The Dark Side of the Metadata & Data Lineage World

Tomas Kratky

Founder of Manta, an IBM company

发布日期: 2017年6月14日

You wouldn't believe it, but there is a dark side to the metadata & data lineage world as well. I would like to dig deep and explain how you can get into trouble.

It has been a wonderful spring this year, hasn't it? The first months of 2017 were hot for us. Data governance, metadata, and data lineage are everywhere. Everyone is talking about them, everyone is looking for a solution. It's an amazing time. But there is also the other side, the dark side.

The Reality of Metadata Solutions

As we meet more and more large companies, industry experts & analysts, investors and just data professionals, we see a huge gap between their perception of reality and reality itself. What am I talking about? About the end-to-end data lineage ghost. With data being used to make decisions every single day, with regulators like FINRA, Fed, SEC, FCC, and ECB requesting reports, with initiatives like BCBS 239 or GDPR (a new European Data Protection Directive), proper governance and a detailed understanding of the data environment is a must for every enterprise. And E2E (end-to-end) data lineage has become a great symbol of this need. Every metadata/data governance player on the market is talking about it and their marketing is full of wonderful promises (in the end, that is the main purpose of every marketing leaflet, isn't it?). But what's the reality?

The Automated Baby Beast

The truth is, that E2E data lineage is a very tough beast to tame. Just imagine how many systems and data sources you have in your organization, how much data processing logic, how many ETL jobs, how many stored procedures, how many lines of programming code, how many reports, how many ad-hoc excel sheets, etc. It is huge. Overwhelming!

If your goal is to track every single piece of data and to record every single processing step, every "hop" of data flow through your organization, you have a lot of work to do. And even if you split your big task into smaller ones and start with selected data sets (so-called "critical data elements") one by one, it can still be so exhausting that you will never finish or even really start. And now data governance players have come in with gorgeous promises packaged in one single word - AUTOMATION.

The promise itself is quite simple to explain - their solutions will analyze all data sources and systems, every single piece of logic, extract metadata from them (so-called metadata harvesting), link them up (so-called metadata stitching), store them and make them accessible to analysts, architects, and other users through best-in-class, award-winning user interfaces. And all of this through automation. No manual work necessary, or just a little bit. Is it so tempting that you are open to it, you want to believe. And so you buy the tool. And then the fun part starts.

The Machine Built to Fail

Almost nothing works as expected. But somehow you progress with the help of hired (and usually overpriced) experienced consultants. Databases (tables, columns) are there, your nice graphically created ETL jobs are there, your first simple reports also, but hey! There is something missing! Why? Simply because you used a nasty complex SQL statement in your beautiful Cognos report. And you used another one when you were not satisfied with the performance of one Informatica PowerCenter job. And hey! Here, lineage is completely broken? Why is THAT? Hmmm, it seems that you decided to write some logic inside stored procedures and not to draw a terrifying ETL workflow, simply because it was so much easier with all those Oracle advanced features. Ok, I believe you have got it. Different kinds of SQL code (and not just SQL but also Java, C, Python and many others) are everywhere in your BI environment. Usually, there are millions and millions of lines of code everywhere. And unfortunately (at least for all metadata vendors) programming code is super tough to analyze and extract the necessary metadata from. But without it, there is no E2E data lineage.

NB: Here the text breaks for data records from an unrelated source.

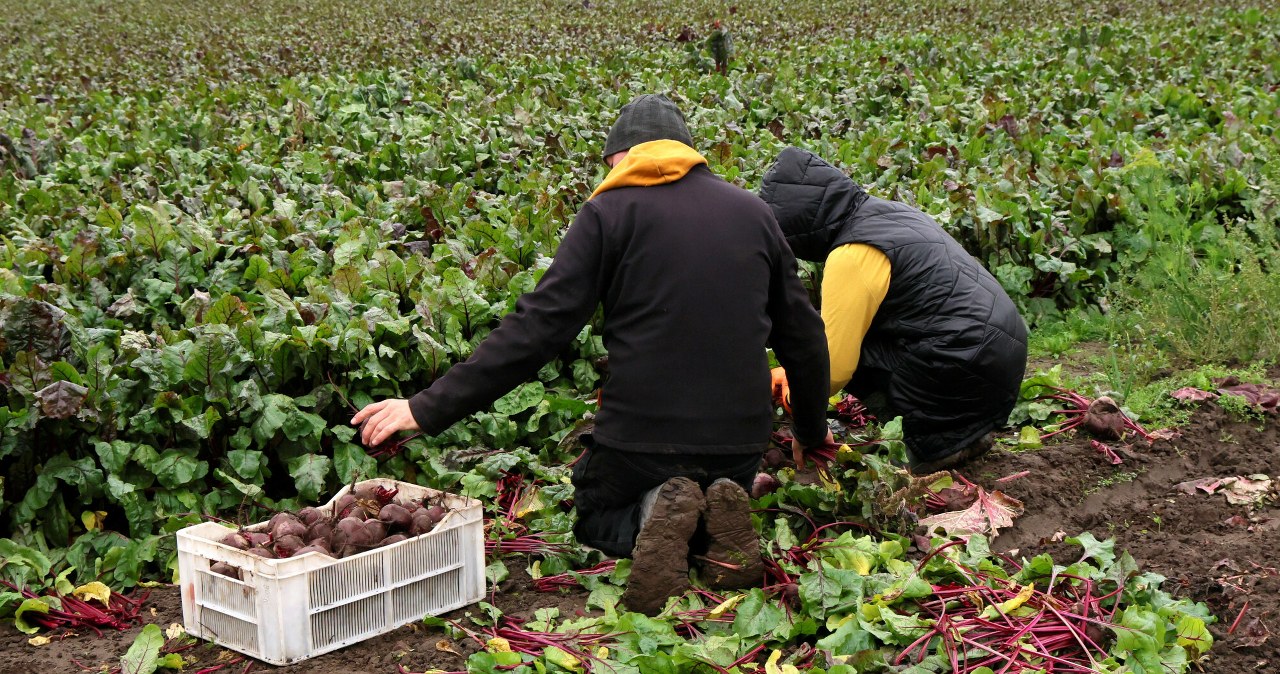 Pieniądze dla rolników już płyną. Sprawdź, kto pierwszy dostanie wsparcie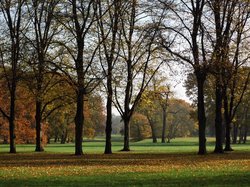 Im Rotehornpark (Foto privat)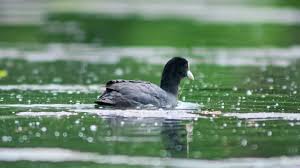 Attēlu rezultāti vaicājumam “Fulica atra adult”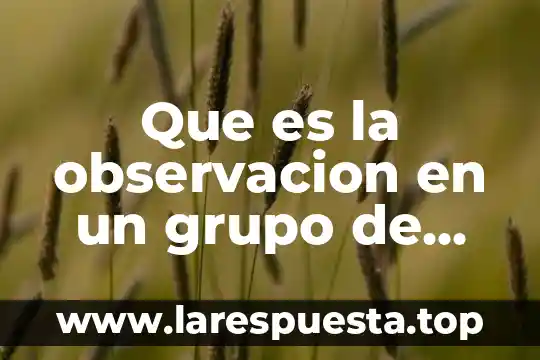 Que es y tipos de observacion 4 Que es la observacion en un grupo de clases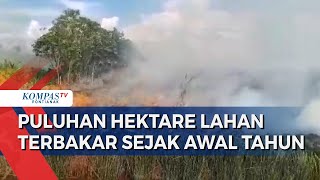 Total 63 Hektare Lahan di Ketapang Terbakar dari Januari 2023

At this moment, marketing leaflets hit the wall of reality. As of today, we have met a lot of enterprises but only very few solutions capable of automated metadata extraction from programming code. So what do most big vendors usually do in this situation (or big system integrators implementing their solutions)? Simply finish the rest of the work manually. Yes, you heard me! No automation anymore. Just good old manual labor. But you know what - it can be quite expensive. For example, a year ago we helped one of our customers reduce the time needed to "finish" their metadata project from four months to just one week! They were ready to invest the time of five smart guys, four months per person, to manually analyze hundreds and hundreds of BTEQ scripts, extract metadata from them and store them on the existing metadata tool. In the United States, we typically meet clients with several hundreds of thousands of database scripts and stored procedures. That's sooo many! Who is going to pay for that? The vendor? The system integrator? No, you know the answer. In most cases, the customer is the one who has to pay for it.

Know Your Limits

I have been traveling a lot the last few weeks and have met a lot of people, mostly investors and industry analysts, but also a few professionals. And I was amazed by how little they know about the real capabilities and limitations of existing solutions. Don't get me wrong, I think those big guys do a great job. You can't imagine how hard it is to provide a really easy-to-use metadata or data governance solution. There are so many different stakeholders, needs and requirements. I admire those big ones. But it should not mean that we close our eyes and pretend that those solutions have no limitations. They have limitations and fortunately, the big guys, or at least some of them, have finally realized, that it is much better to provide open API and to allow third parties like Manta to integrate and fill the existing gaps. I love the way IBM and Collibra have opened their platforms and I feel that others will soon follow.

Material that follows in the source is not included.